Rumus Trigonometri Penjumlahan dan Pengurangan

       Misalkan diketahui dua sudut P dan Q, berlaku rumus penjumlahan dan pengurangannya :
$\begin{align} \sin P + \sin Q & = 2 \sin \frac{1}{2}(P+Q) \cos \frac{1}{2}(P-Q) \\ \sin P - \sin Q & = 2 \cos \frac{1}{2}(P+Q) \sin \frac{1}{2}(P-Q) \\ \cos P + \cos Q & = 2 \cos \frac{1}{2}(P+Q) \cos \frac{1}{2}(P-Q) \\ \cos P - \cos Q & = -2 \sin \frac{1}{2}(P+Q) \sin \frac{1}{2}(P-Q) \\ \tan P + \tan Q & = \frac{2\sin(P+Q)}{\cos (P+Q) + \cos (P-Q) } \\ \tan P - \tan Q & = \frac{2\sin(P-Q)}{\cos (P+Q) + \cos (P-Q) } \end{align}$

Pembuktian rumus penjumlahan dan pengurangan trigonometri :
*). Kita menggunakan rumus perkalian trigonometri sebelumnya.
*).

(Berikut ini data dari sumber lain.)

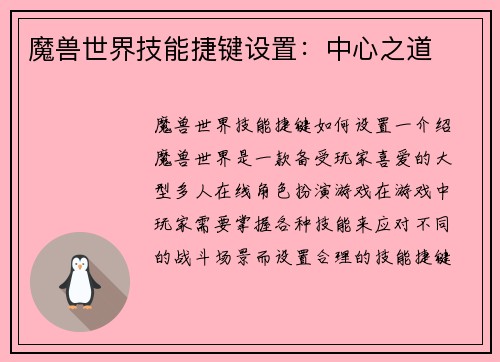 魔兽世界技能捷键设置：中心之道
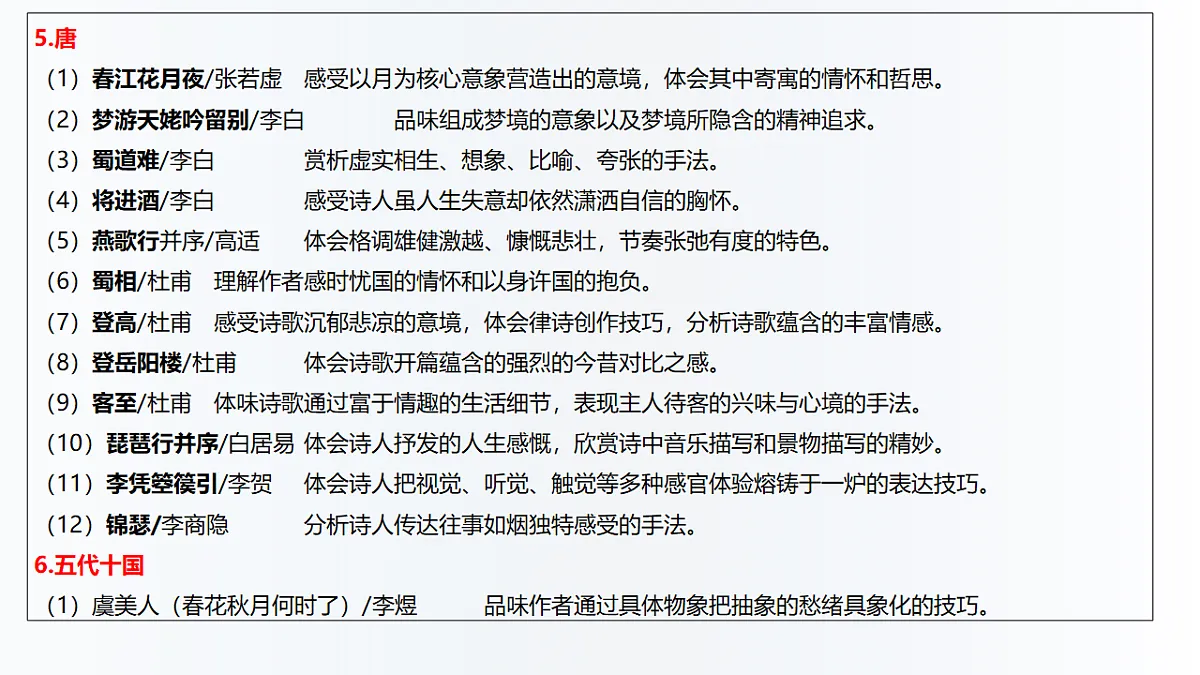 18131207第6页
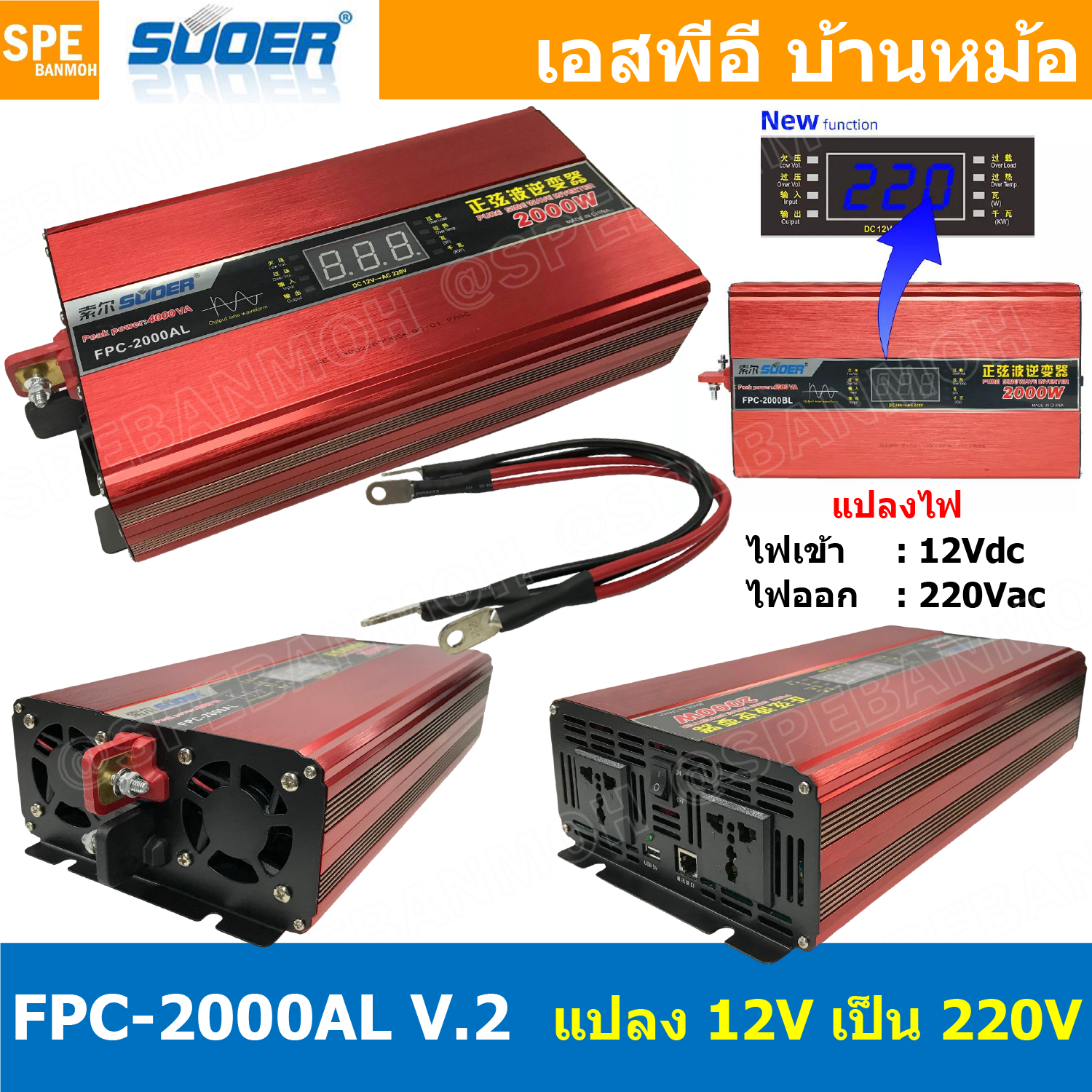 FPC-2000AL-V.2 อินเวอร์เตอร์ แปลงไฟ 12V ออก 220V รุ่นใหม่ มีหน้าจอแสดงผล LED Inverter ยี่ห้อ SUOER FPC-2000AL 2000W 12V to 220V off grid inverter pure sine power inverters FPC-2000 อินเวอร์เตอร์ เพียวไซน์เวฟ SUOER หม้อแปลง 12V to 220V อุปกรณ์แปลงไฟ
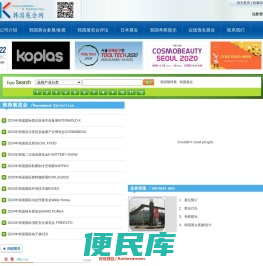 韩国展会网
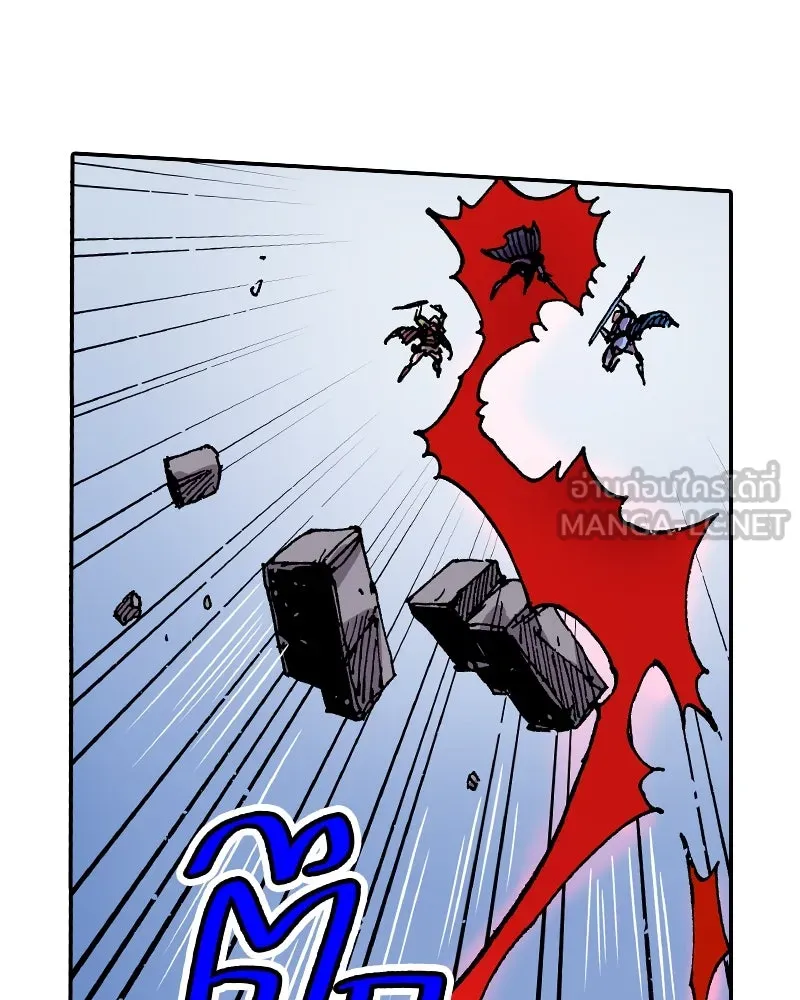 เคลวาเทส อสูรจอมราชัน ตอนที่ 53 ผู้กล้าจอมปลอม รูปที่ 33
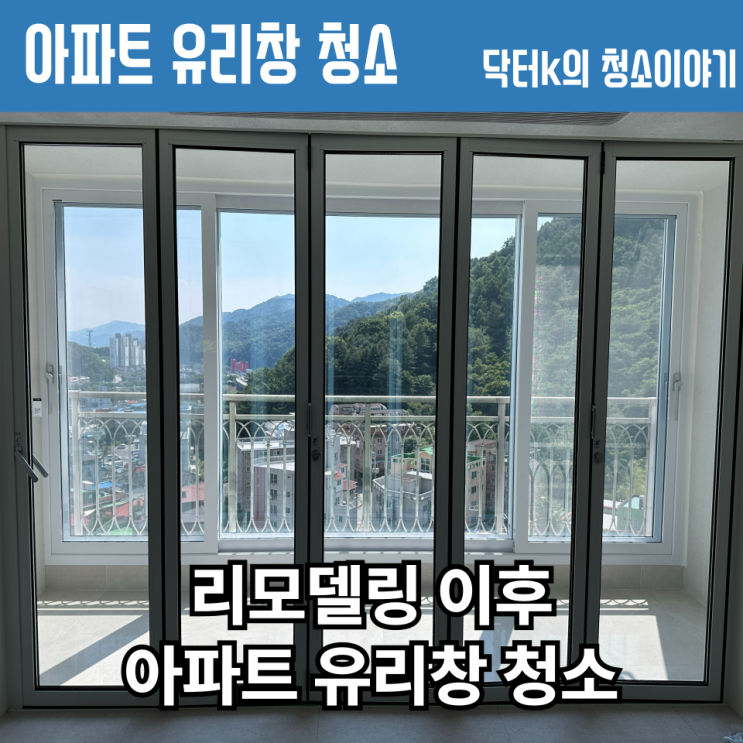  리모델링 후 아파트 유리창 청소 깔끔하게 진행한 후기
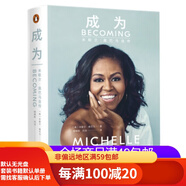 【二手95新】成為，米歇爾,奧巴馬自傳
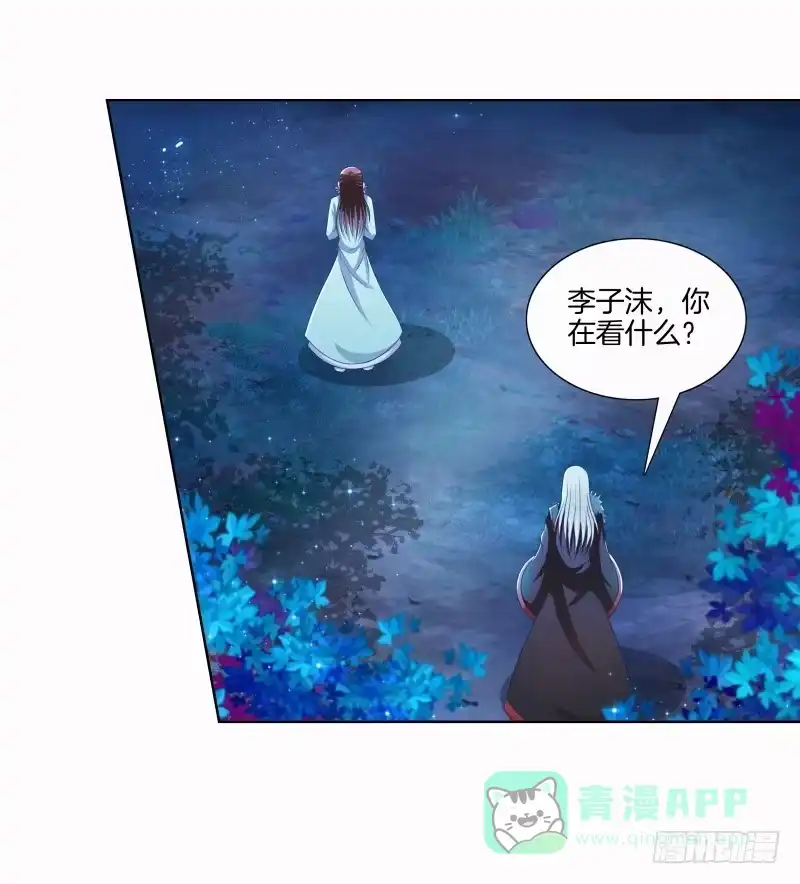 《双面师尊别乱来》87、分道扬镳 第16页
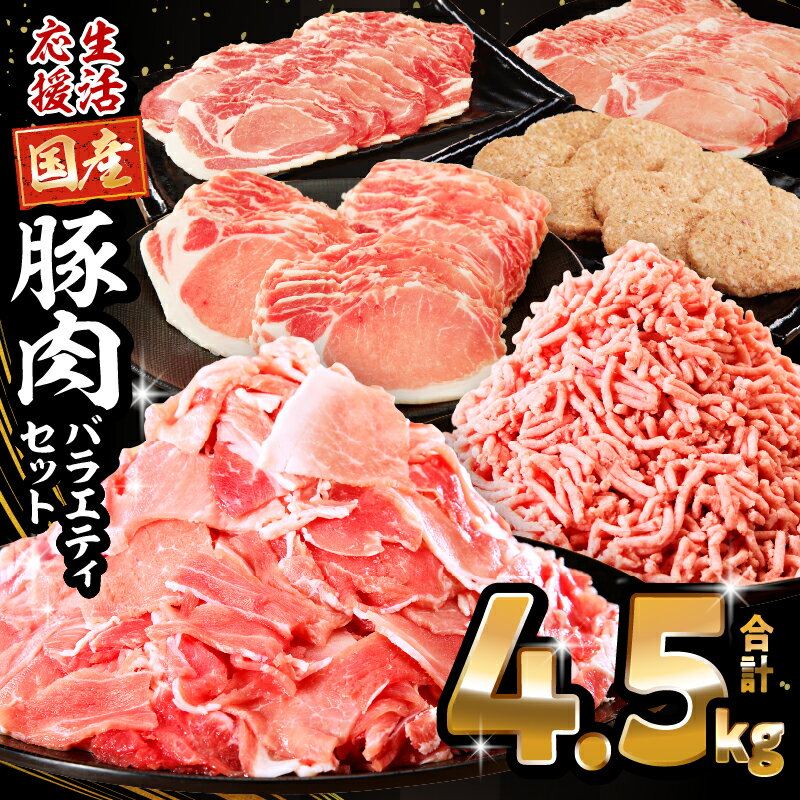 生活応援！ 大満足 豚肉 バラエティ セット 4.5kg ミヤチク 豚ロース 切り落とし ミンチ 《レビューキャンペーン》肉 豚 赤身 宮崎県産 国産 スライス 生姜焼き しゃぶしゃぶ ハンバーグ 訳あり 小分け 使い勝手 冷凍 グルメ 宮崎県 宮崎市 送料無料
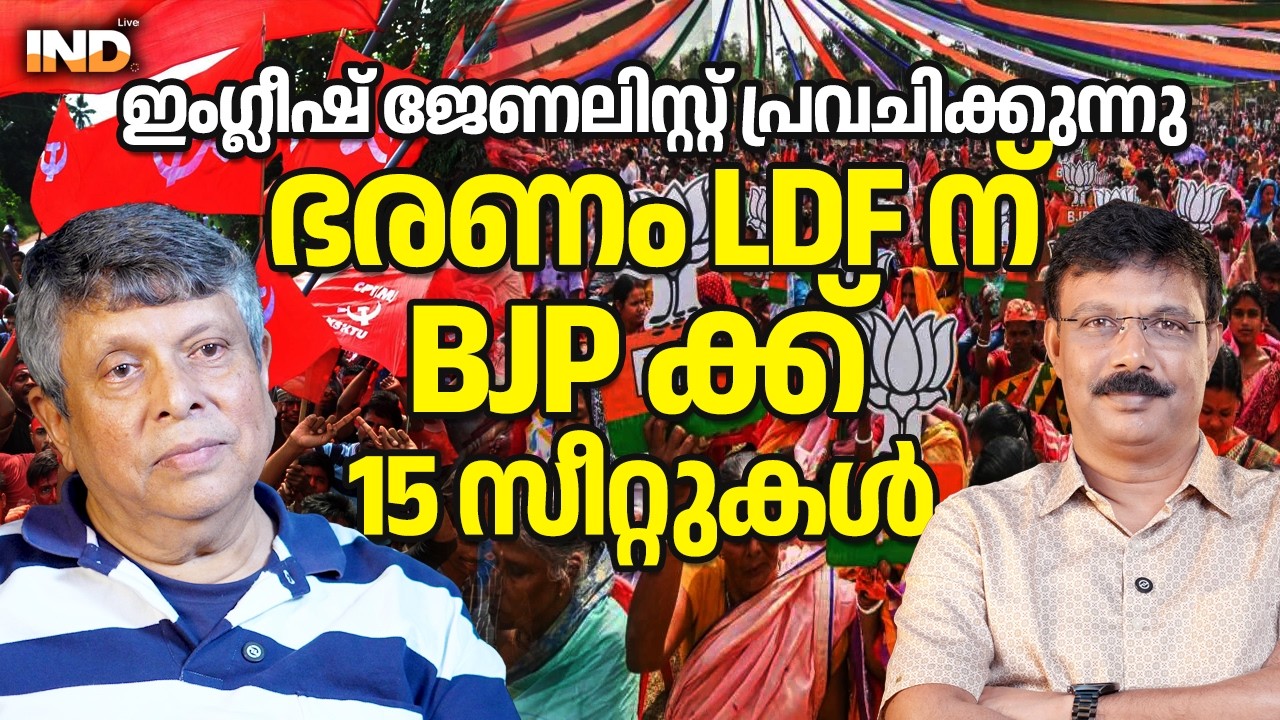 BJP നേടും, LDF തുടരും : വേറിട്ട പ്രവചനം ഇംഗ്ലീഷ് ജേണലിസ്റ്റ്.  11/02/26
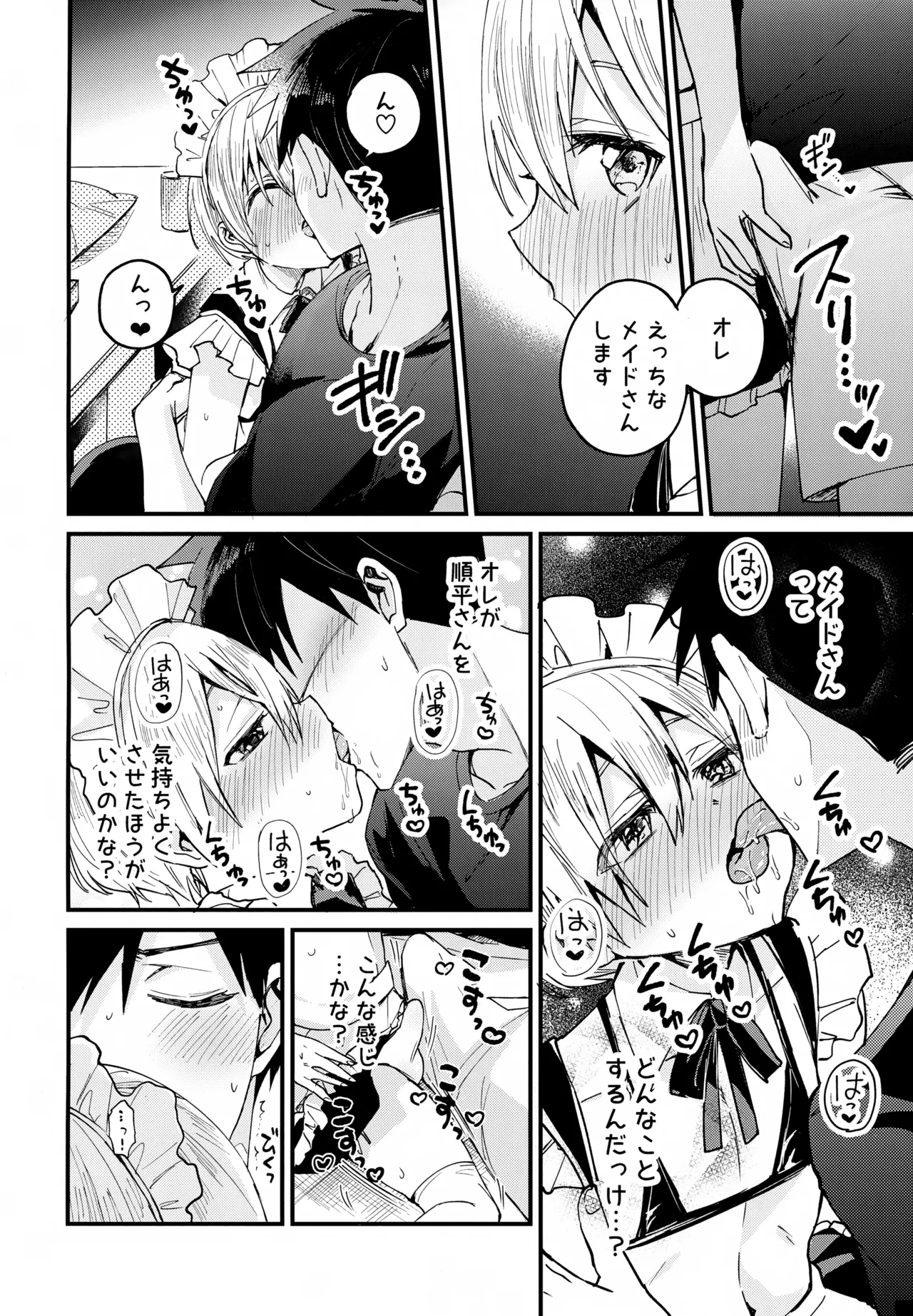 Josou Maid Kanata-kun to Icha Love Date - Page 17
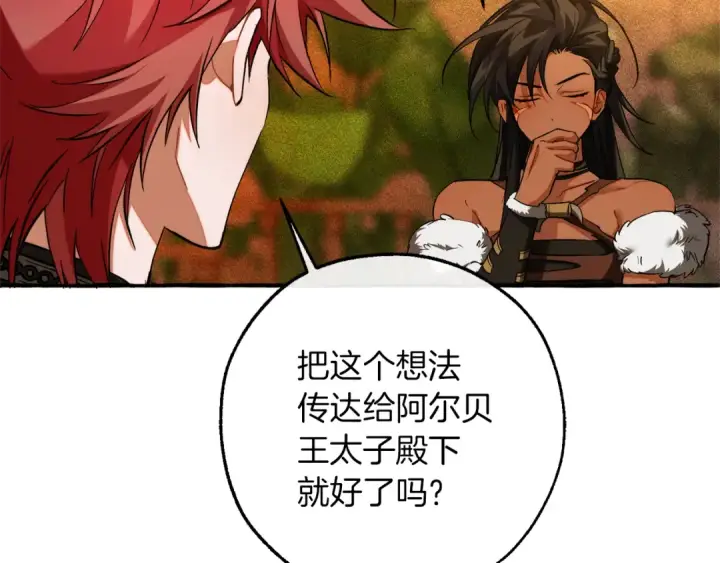 《成为伯爵家的废物》第156话 那种世界图182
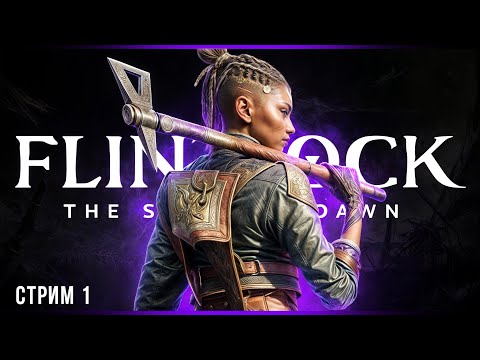 Видео: Сильный и независимый Соулс-Лайт | Flintlock The Siege of Dawn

Misalkan $A + B = P \,$ dan $A - B = Q$ , maka dengan eliminasi kedua persamaan kita peroleh : $A = \frac{1}{2}(P+Q) \,$ dan $A = \frac{1}{2}(P-Q)$
*). Substitusi bentuk permisalan di atas ke persamaan yang digunakan.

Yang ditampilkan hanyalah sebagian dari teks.